- Rubella is a contagious, generally mild viral infection that occurs most often in children and young adults.
- Rubella infection in pregnant women may cause fetal death or congenital defects known as congenital rubella syndrome (CRS).
- Worldwide, an estimated 110 000 babies are born with CRS every year.
- There is no specific treatment for rubella but the disease is preventable by vaccination.
Rubella is an acute, contagious viral infection. While the illness is generally mild in children, it has serious consequences in pregnant women causing fetal death or congenital defects known as congenital rubella syndrome (CRS).
The rubella virus is transmitted by airborne droplets when infected people sneeze or cough. Humans are the only known host.
In children, the disease is usually mild, with symptoms including a rash, low fever (<39°C), nausea and mild conjunctivitis. The rash, which occurs in 50–80% of cases, usually starts on the face and neck before progressing down the body, and lasts 1–3 days. Swollen lymph glands behind the ears and in the neck are the most characteristic clinical feature. Infected adults, more commonly women, may develop arthritis and painful joints that usually last from 3–10 days.
Once a person is infected, the virus spreads throughout the body in about 5-7 days. Symptoms usually appear two to three weeks after exposure. The most infectious period is usually 1–5 days after the appearance of the rash.
When a woman is infected with the rubella virus early in pregnancy, she has a 90% chance of passing the virus on to her fetus. This can cause miscarriage, stillbirth or severe birth defects known as CRS. Infants with CRS may excrete the virus for a year or more.

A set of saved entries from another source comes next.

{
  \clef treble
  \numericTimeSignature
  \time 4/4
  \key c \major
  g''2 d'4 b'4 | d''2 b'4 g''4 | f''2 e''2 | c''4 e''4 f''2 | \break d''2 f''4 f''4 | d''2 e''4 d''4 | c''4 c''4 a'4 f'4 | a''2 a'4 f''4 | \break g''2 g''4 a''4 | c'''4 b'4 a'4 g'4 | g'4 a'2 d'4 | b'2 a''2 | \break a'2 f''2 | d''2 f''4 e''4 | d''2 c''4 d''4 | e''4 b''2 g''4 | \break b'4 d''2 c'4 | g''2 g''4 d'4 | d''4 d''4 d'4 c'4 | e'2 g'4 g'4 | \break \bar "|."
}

Congenital rubella syndrome
Children with CRS can suffer hearing impairments, eye and heart defects and other lifelong disabilities, including autism, diabetes mellitus and thyroid dysfunction – many of which require costly therapy, surgeries and other expensive care.
The highest risk of CRS is in countries where women of childbearing age do not have immunity to the disease (either through vaccination or from having had rubella). Before the introduction of the vaccine, up to four babies in every 1000 live births were born with CRS.
Large-scale rubella vaccination during the past decade has practically eliminated rubella and CRS in many developed and in some developing countries. The WHO Region of the Americas has had no endemic (naturally-transmitted) cases of rubella infection since 2009.
CRS rates are highest in the WHO African and South-East Asian regions where vaccine coverage is lowest.
The rubella vaccine is a live attenuated strain that has been in use for more than 40 years. A single dose gives more than 95% long-lasting immunity, which is similar to that induced by natural infection.
Rubella vaccines are available either in monovalent formulation (vaccine directed at only one pathogen) or more commonly in combinations with other vaccines such as with vaccines against measles (MR), measles and mumps (MMR), or measles, mumps and varicella (MMRV).
Adverse reactions following vaccination are generally mild. They may include pain and redness at the injection site, low-grade fever, rash and muscle aches. Mass immunization campaigns in the Region of the Americas involving more than 250 million adolescents and adults did not identify any serious adverse reactions associated with the vaccine.
WHO recommends that all countries that have not yet introduced rubella vaccine should consider to do so using existing well-established measles immunization programmes.
In April 2012, the Measles Initiative – now known as the Measles & Rubella Initiative – launched a new Global Measles and Rubella Strategic Plan which covers the period 2012-2020. The Plan includes new global goals for 2015 and 2020.
By the end of 2015
- Reduce global measles deaths by at least 95% compared with 2000 levels.
- Achieve regional measles and rubella/congenital rubella syndrome (CRS) elimination goals.
By the end of 2020
- Achieve measles and rubella elimination in at least five WHO regions.
The strategy focuses on the implementation of five core components:
- achieve and maintain high vaccination coverage with two doses of measles- and rubella-containing vaccines;
- monitor the disease using effective surveillance, and evaluate programmatic efforts to ensure progress and the positive impact of vaccination activities;
- develop and maintain outbreak preparedness, rapid response to outbreaks and the effective treatment of cases;
- communicate and engage to build public confidence and demand for immunization;
- perform the research and development needed to support cost-effective action and improve vaccination and diagnostic tools.
Implementation of the Strategic Plan can protect and improve the lives of children and their mothers throughout the world, rapidly and sustainably. The Plan provides clear strategies for country immunization managers, working with domestic and international partners, to achieve the 2015 and 2020 measles and rubella control and elimination goals. It builds on years of experience in implementing immunization programmes and incorporates lessons from accelerated measles control and polio eradication initiatives.
As one of the founding members of the Measles & Rubella Initiative, WHO provides technical support to governments and communities to improve routine immunization programmes and hold targeted vaccination campaigns. In addition, the WHO Global Measles and Rubella Laboratory Network supports the diagnosis of rubella and CRS cases and tracking of the spread of rubella viruses.